**Exercise objective:** Apart from the images, output the data below exactly.
──────── The data ────────
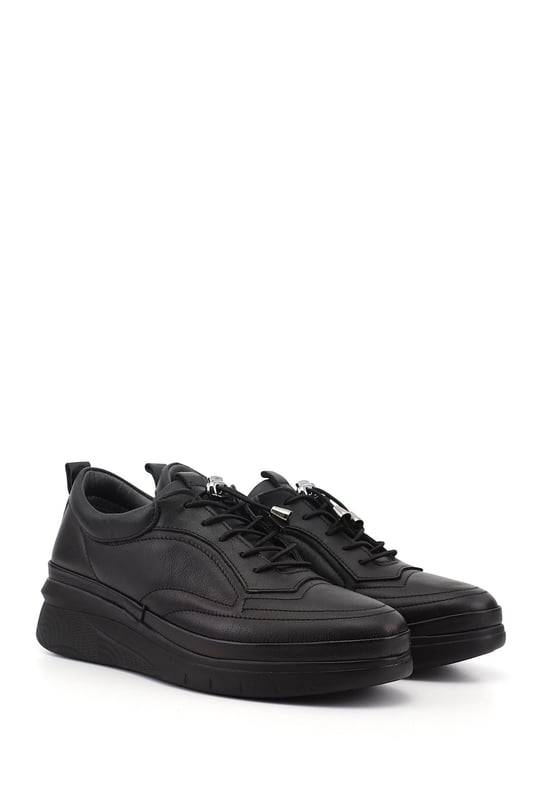 Womens Black Lace-up Genuine Leather Sneaker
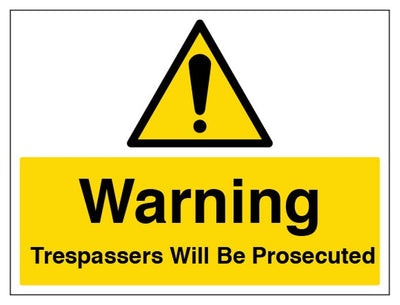 Warning Trespassers Will Be Prosecuted Sign - Large Landscape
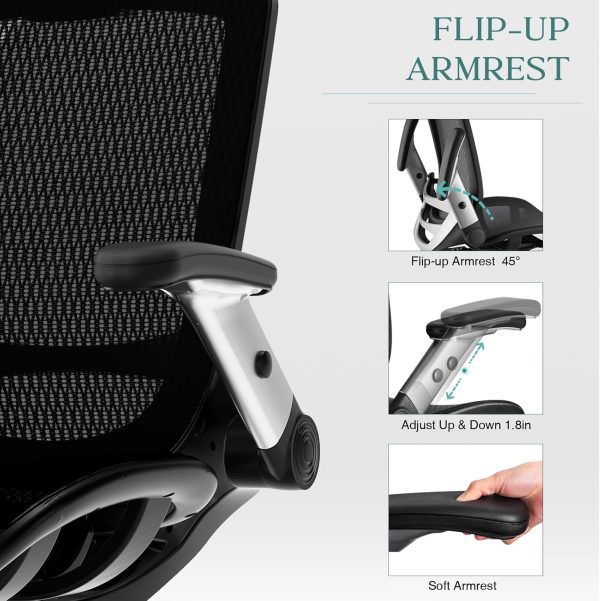 GABRYLLY Ergonomic Office Chair, High Back Home Desk Chair with Headrest, Flip-Up Arms, 90-120° Tilt Lock and Wide Cushion, Big and Tall Mesh Chairs for Man Woman, Black Task Chair - Image 2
────────
**Solution for this problem:**
 Womens Black Lace-up Genuine Leather Sneaker
 Warning Trespassers Will Be Prosecuted Sign - Large Landscape
 GABRYLLY Ergonomic Office Chair, High Back Home Desk Chair with Headrest, Flip-Up Arms, 90-120° Tilt Lock and Wide Cushion, Big and Tall Mesh Chairs for Man Woman, Black Task Chair - Image 2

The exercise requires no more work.